I have been having computer slow downs and lock-ups for about a year. My old 2007 Pookie is a dual core work horse that has served me well. No complaints, it is not a bad computer for web viewing, email and light social media.
It handled standard definition video data files just fine. Once I started using high definition camcorders and installing modern software Pookie was uncomfortable. By 2011 she really started to slow down.
We worked through it. Got a terabyte drive for video storage, cleaned out the gunk and tried not to have more than one other program open at a time.
Still, Pookie has hung on. It is a struggle. Yesterday while typing and trying to look at what I recorded Pookie could stand no more. She told me to choose between word processing or video editing.
That was the last draw for me. So this week I'm dedicating to learning and then buying a new computer for video editing and beyond.
Know What You Want
I know what I want; not a laptop, not an all in one device and I don't want to spend more than $1,000. I'm not being cheap. I have what is known as savings. I have saved a certain amount for a new computer.
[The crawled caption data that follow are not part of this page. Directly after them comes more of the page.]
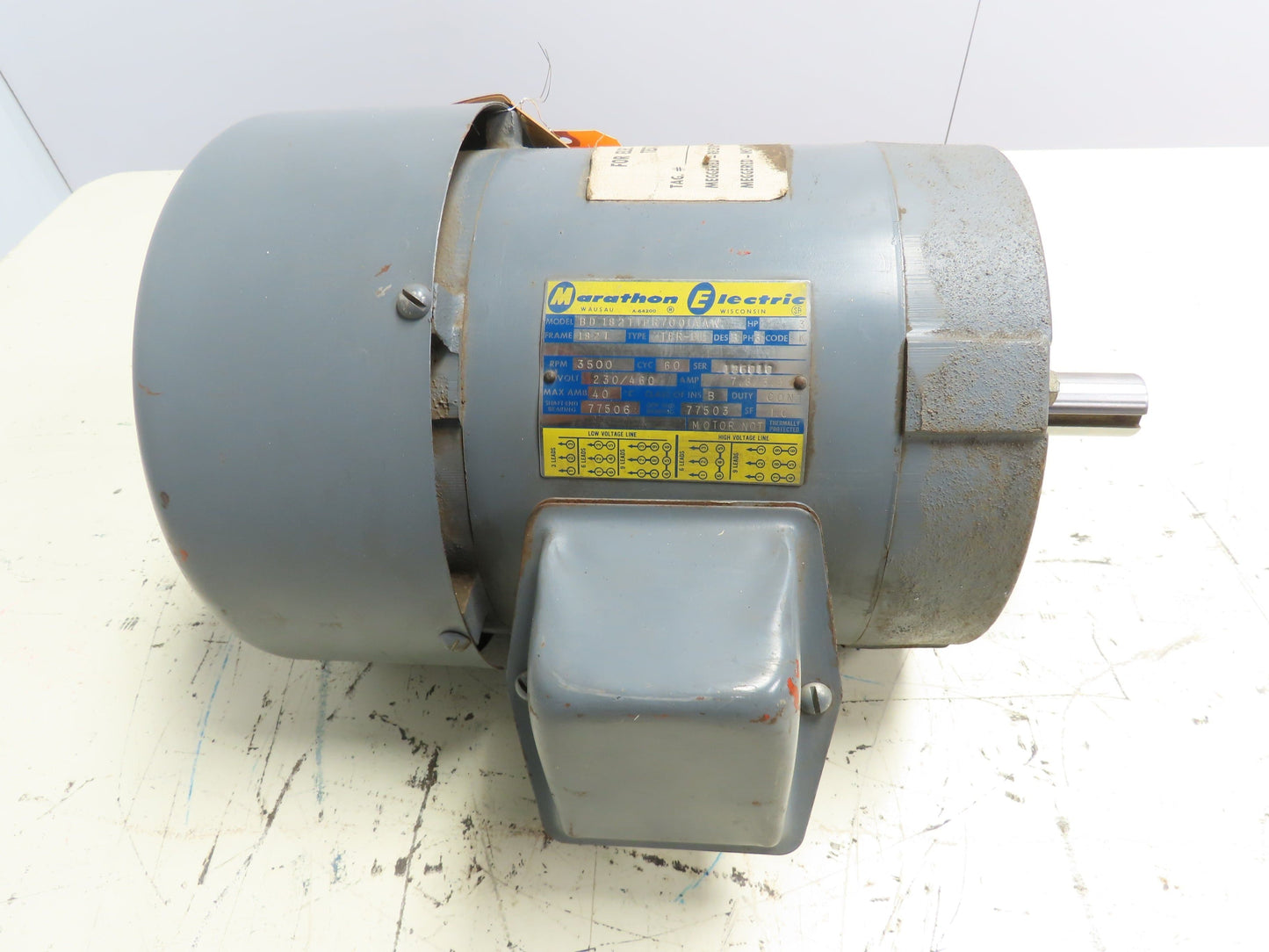 Marathon BD 182TTFR7001AAW Electric AC Motor 3Hp 3Ph 230/460V 3500RPM 182T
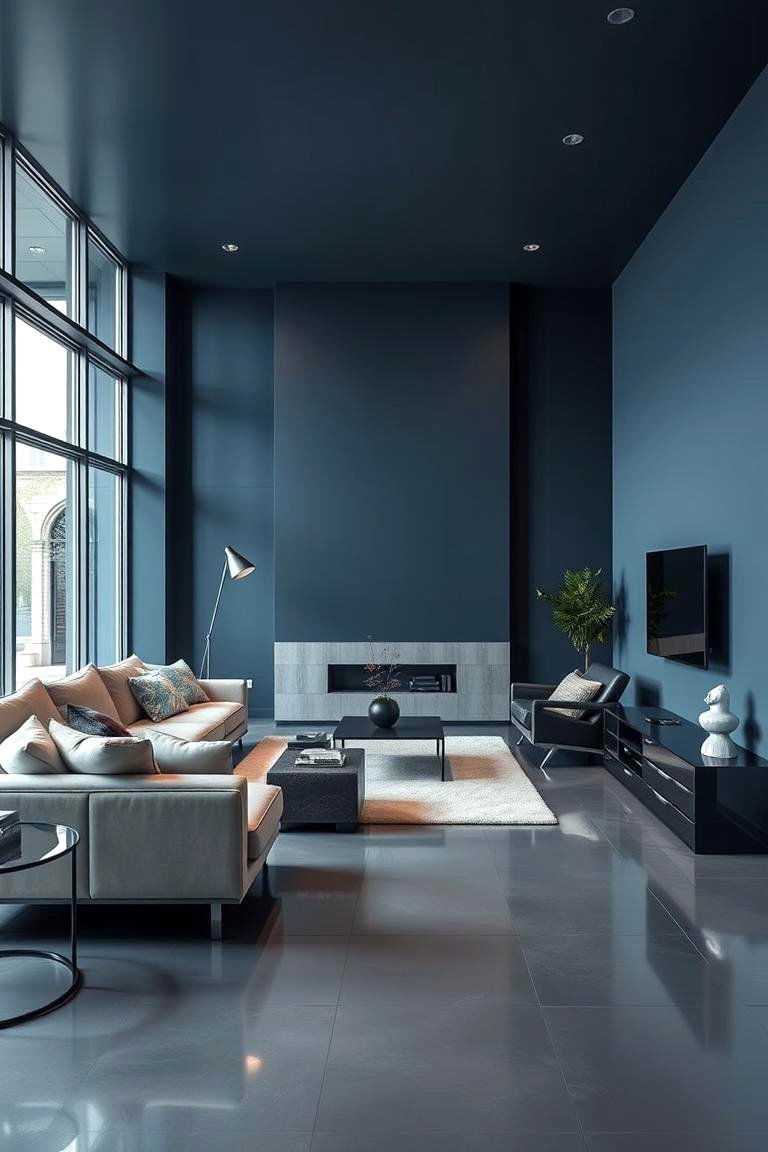 Slate Blue and Silver - 24 Floor and Wall Color Ideas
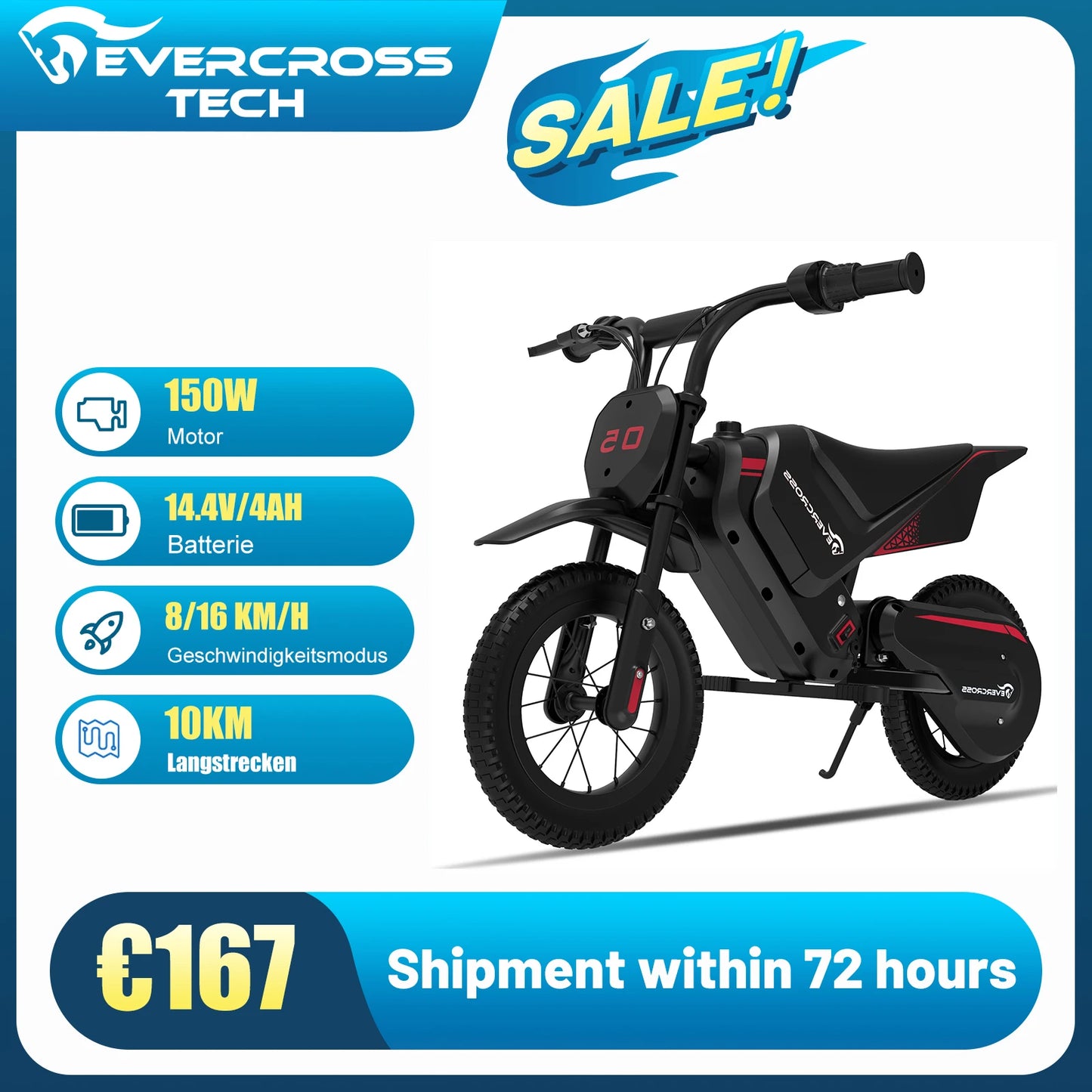 EVERCROSS TECH EV05M Electric Motorbike for children, 150W, speeds 8/16 km/h, battery life up to 10 km, Motorbike Cross 12 inches for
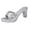 Silver, variant on Womens Backless Platform Heels Open Toe Glitter Leather Bow Sandals Elegant Chunky Heeled Slip on Dress Shoes for Party Prom Black Size 6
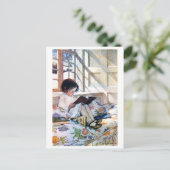 Op het raam in de winter, Jessie Willcox Smith Briefkaart (Staand voorkant)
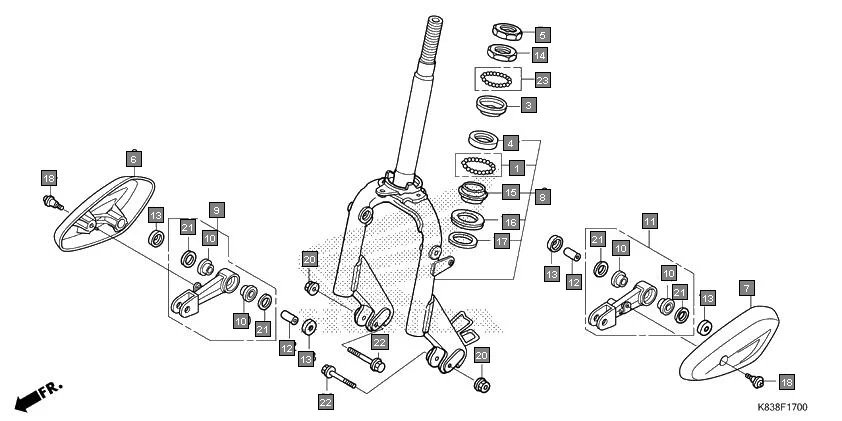 F-17 FRONT FORK assembly diagram for HONDA CLIQ NVB110H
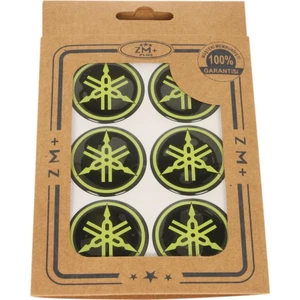 Zm+ Plus Yamaha Koruma Takozu Damla Etiket Sticker Ø39 mm Siyah-Sarı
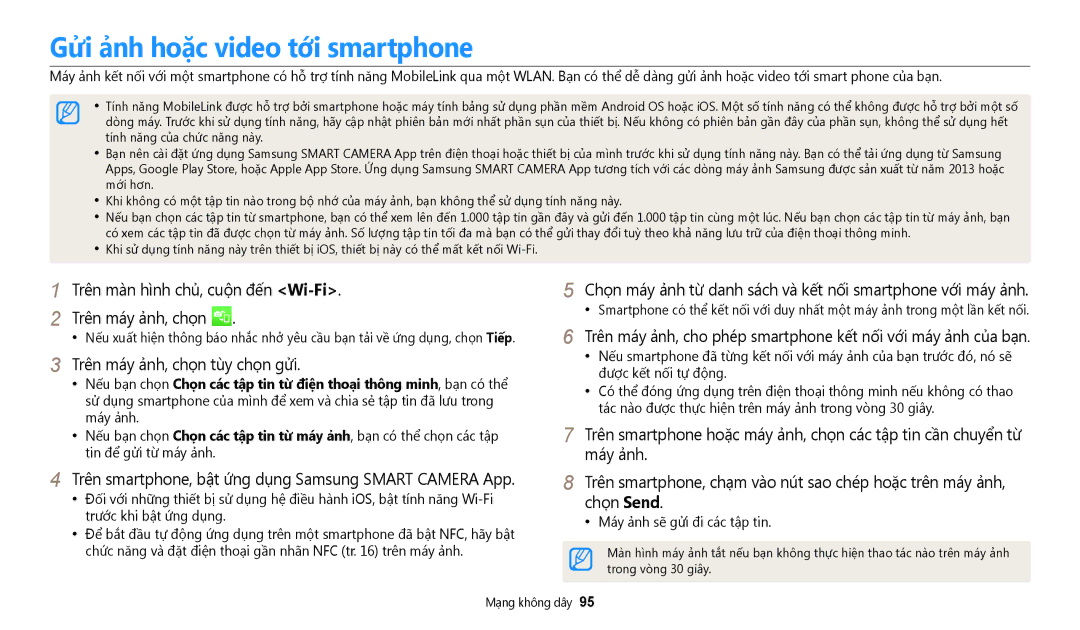 Samsung EC-WB35FZBDWVN manual Gửi ảnh hoặc video tới smartphone 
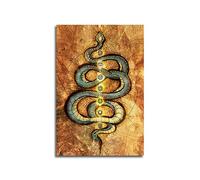 GENGSHENG Canvas Poster Kundalini Serpent Vert Meditation Room Wall Art Artworks for Living Room Bedroom Canvas Pictures Yoga Modern Home Decor 16x24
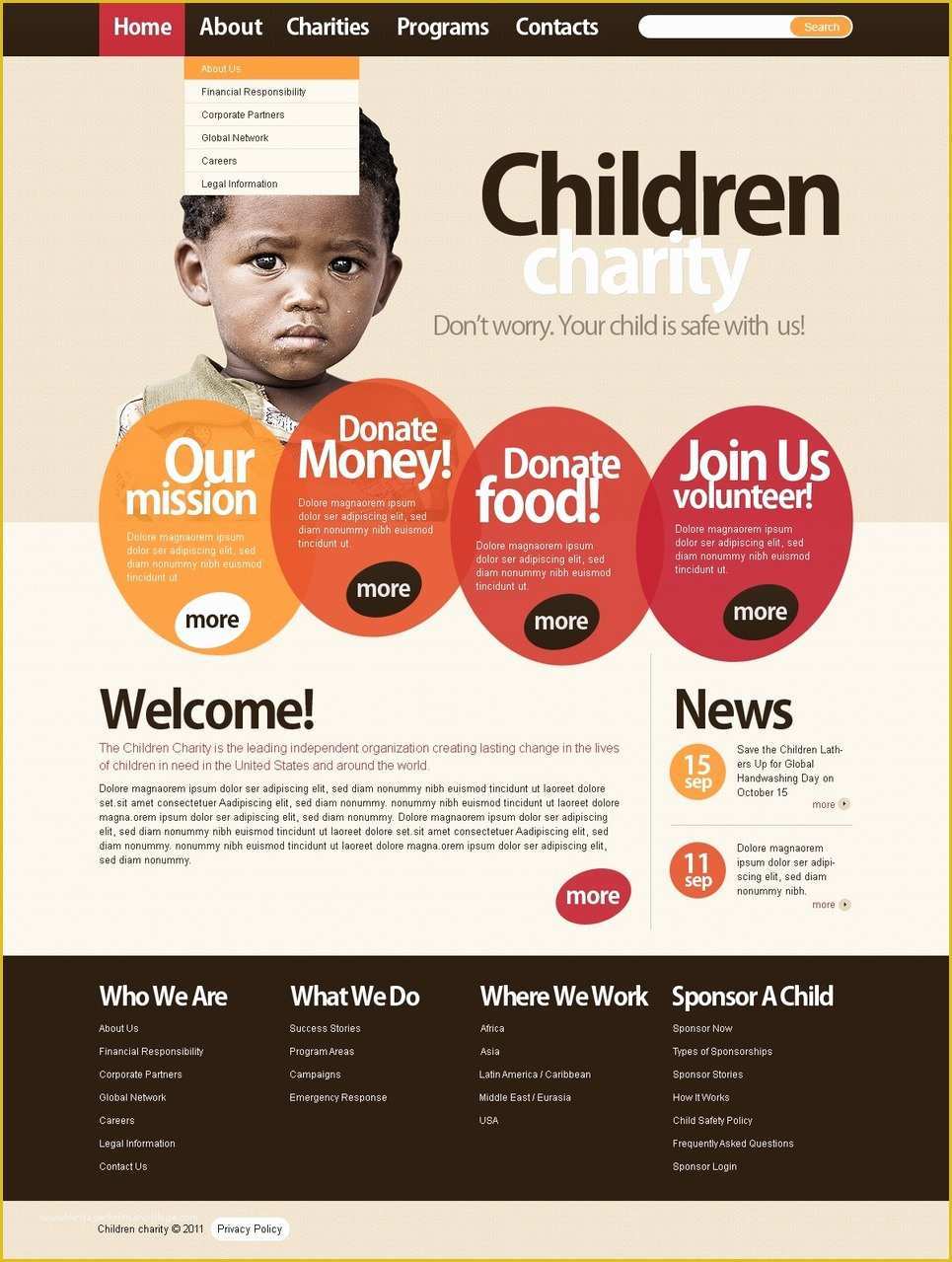 Free Charity Newsletter Template Of Child Charity Joomla Template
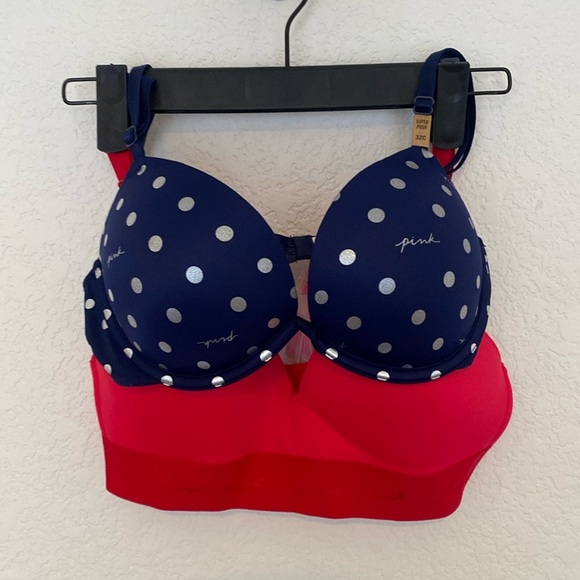 VS PINK Victoria’s Secret Set of 2 Bras NWT 32C - Picture 1 of 9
This has to include taxes, shipping, unpredictables and possible new software.
Here is the short version of what I need in a desktop:
- I5 or I7 CPU
- 8 to 10MB RAM
- 1 Terrabyte hard drive but 2 Terabytes would be better.
- Separate graphics card, or upper level integrated graphics card. I hate integrated graphics cards but at this price point I have to consider them.
And you would be right except that there is a whole bunch of flim flam going on in the desktop buying marketplace.
AMD CPUs being sold in retail chains. I have nothing against AMD CPUs. If I could find a quality equivalent AMD product I'd go for it. Some of the desktop computers in retail are the AMD Phenom II x3 and X2 CPUs. This is the equivalent of an Intel i3.CPU.
There is another AMD line called Fusion. Again, you as the consumer would have to be aware that the Fusion line has four different model types. You don't want the bottom two. I could not find models with the more powerful AMD Fusion CPUs. Believe me, I looked.
Next on the flim flam list is the use of 5400 RPM hard drives. These are slower hard drives that are not suitable for those of us that edit video.
For basic consumer users 5400 RPM isn't going to make a difference.
For gamers, photography, podcasters and video folks it makes a huge difference. You cannot buy computers with 5400 RPM hard drives. You will be at risk of lock ups and all kinds of bad things.
I'll go into detail in my next post but I have to tell you I spent six hours yesterday going through retail and online sites.
The horror. I could not find an acceptable consumer level desktop computer that didn't cheap out on the hard drive, the CPU or the quality of the build.
One more thing. I can't buy Apple. Word is they are about to ditch their MacPro line. All of my stuff is in PC land. It is not an option.